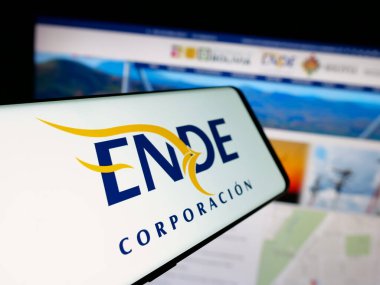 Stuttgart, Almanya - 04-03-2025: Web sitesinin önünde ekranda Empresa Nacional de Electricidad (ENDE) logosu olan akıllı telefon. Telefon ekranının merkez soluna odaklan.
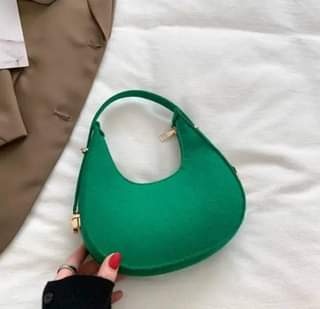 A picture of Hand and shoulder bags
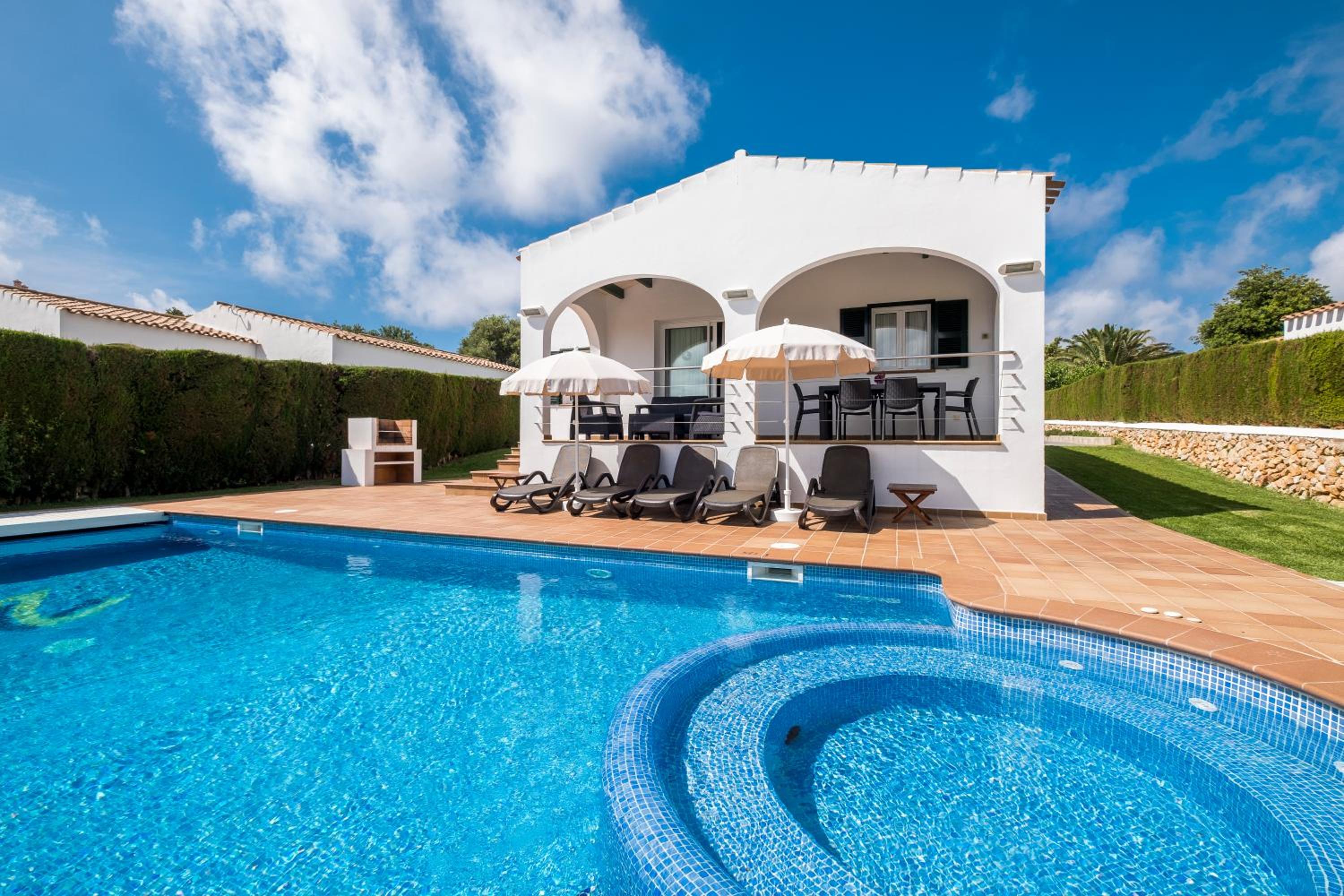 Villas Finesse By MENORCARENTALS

* * *

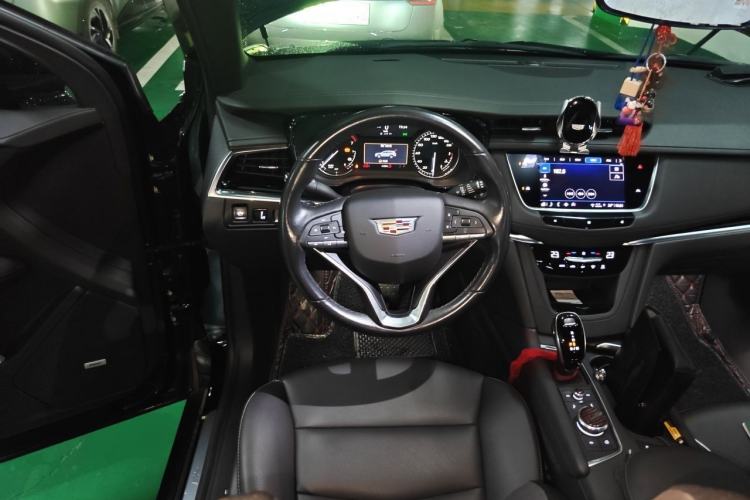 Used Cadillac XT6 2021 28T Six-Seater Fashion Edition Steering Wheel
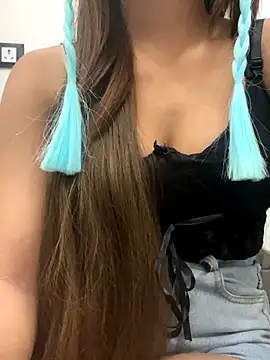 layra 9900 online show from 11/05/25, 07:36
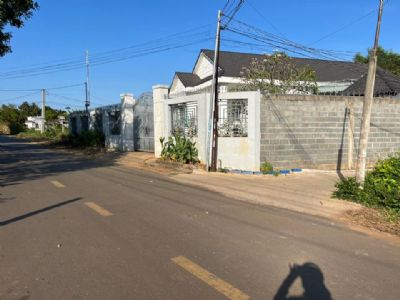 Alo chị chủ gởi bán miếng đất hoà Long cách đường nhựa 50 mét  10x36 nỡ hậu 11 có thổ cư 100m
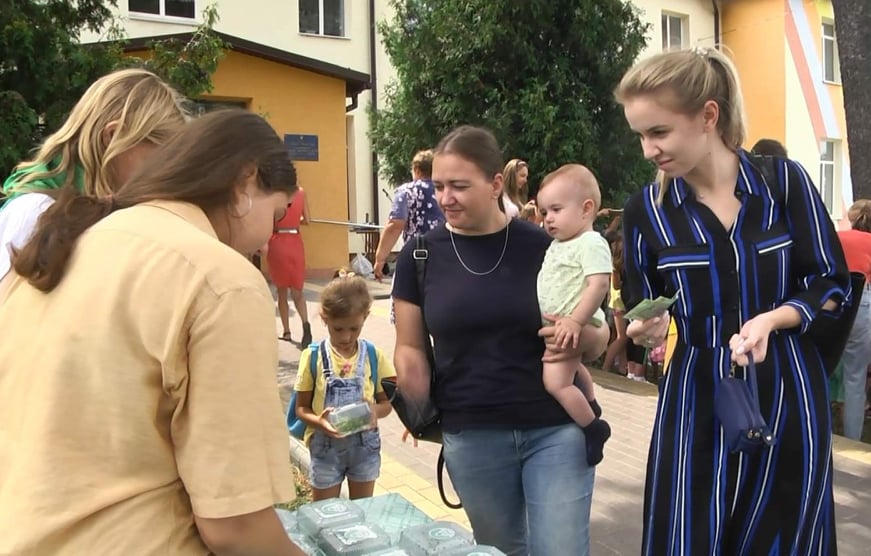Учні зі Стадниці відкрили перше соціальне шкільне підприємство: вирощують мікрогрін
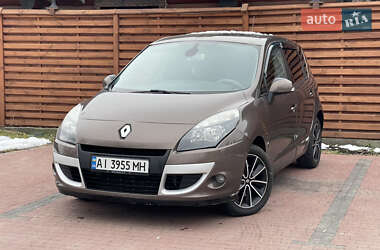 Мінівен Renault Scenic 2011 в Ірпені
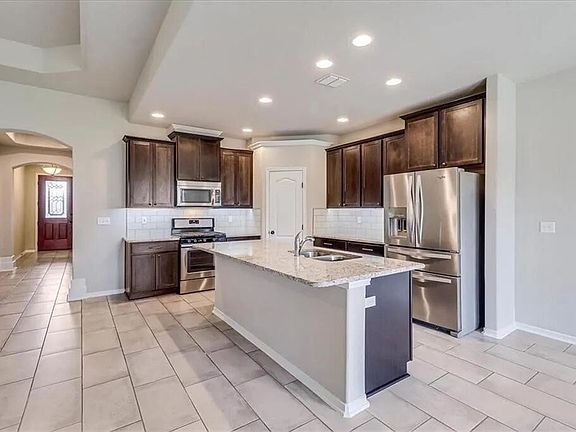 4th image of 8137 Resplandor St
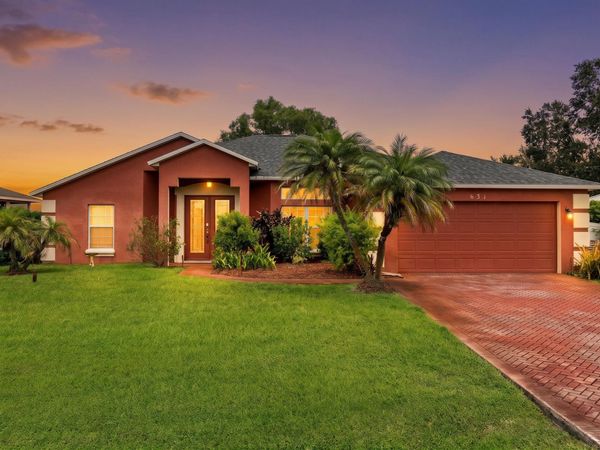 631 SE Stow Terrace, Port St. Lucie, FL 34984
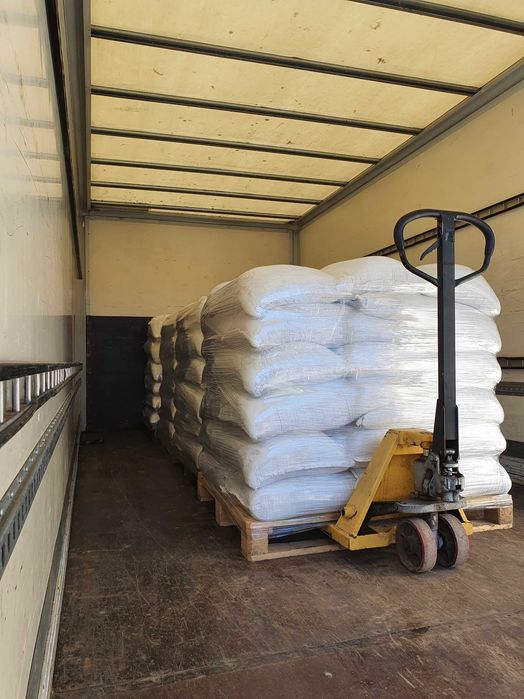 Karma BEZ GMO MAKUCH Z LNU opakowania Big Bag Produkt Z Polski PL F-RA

TASK TO CARRY OUT.
The copy should hold only the lines from the one with "4th image of 8137 Resplandor St" through the one with "Karma BEZ GMO", exactly as they stand above. Leave out the pictures.

OUTPUT OF THE EXERCISE.
 4th image of 8137 Resplandor St
 631 SE Stow Terrace, Port St. Lucie, FL 34984
 Karma BEZ GMO MAKUCH Z LNU opakowania Big Bag Produkt Z Polski PL F-RA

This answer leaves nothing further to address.